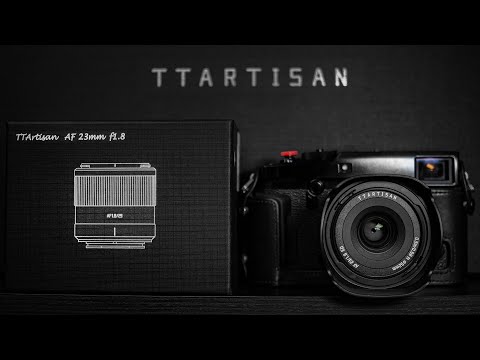 Видео: TTartisan AF 23 мм F1.8 - Best of the Best !!!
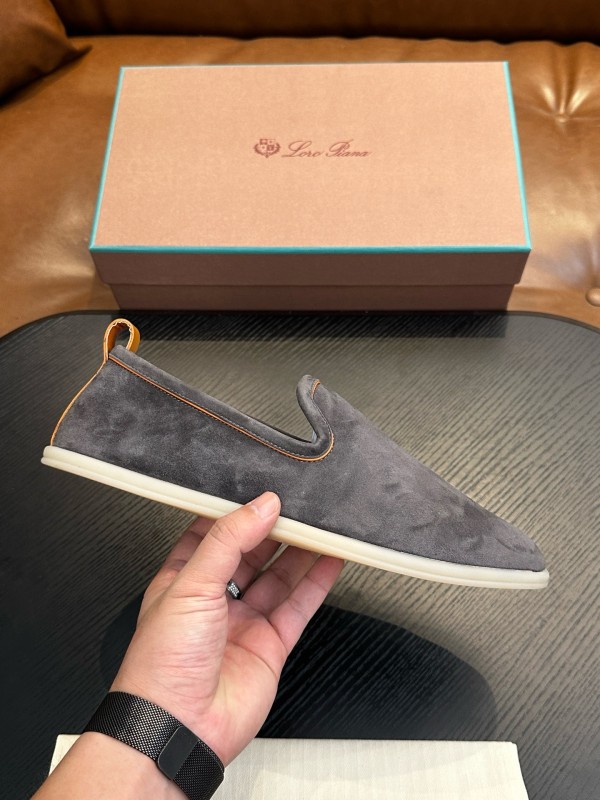 Venice Walk Suede Loafer (Male)38-45=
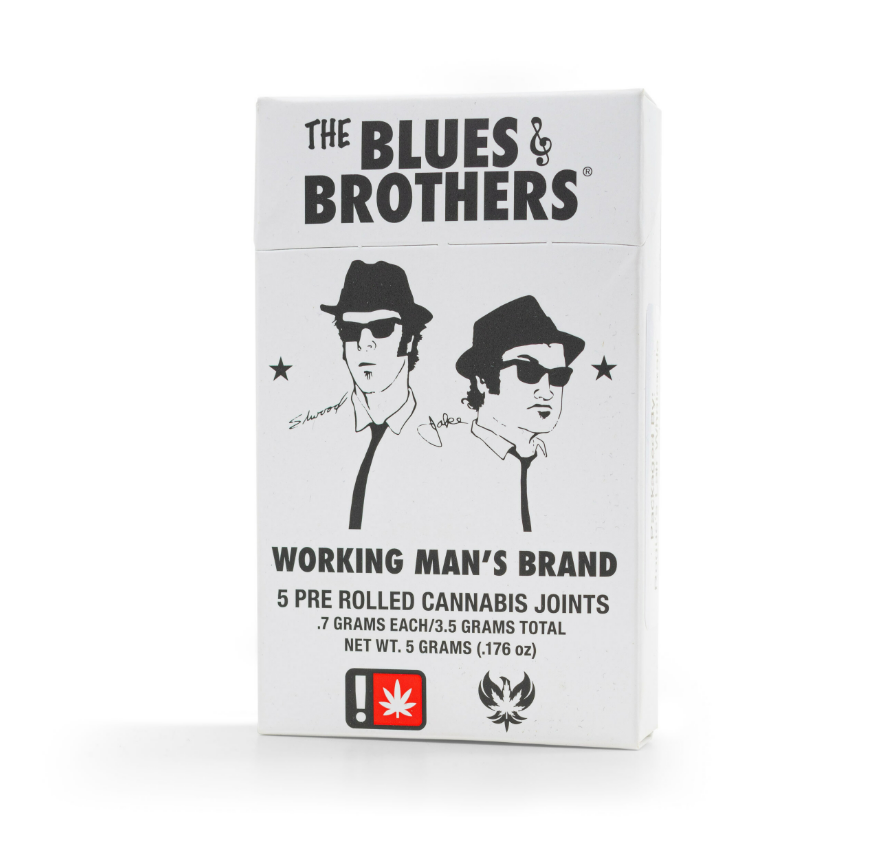 Photograph of product: Belushi's Farm - BABY BLUES: LEMON CHEESECAKE THAI 6-PACK - Preroll Pack - (1.5g) - S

**TASK PROMPT:** Leaving out the pictures, repeat the data above exactly.

**PROBLEM SOLUTION:**
 Видео: TTartisan AF 23 мм F1.8 - Best of the Best !!!
 Venice Walk Suede Loafer (Male)38-45=
 Photograph of product: Belushi's Farm - BABY BLUES: LEMON CHEESECAKE THAI 6-PACK - Preroll Pack - (1.5g) - S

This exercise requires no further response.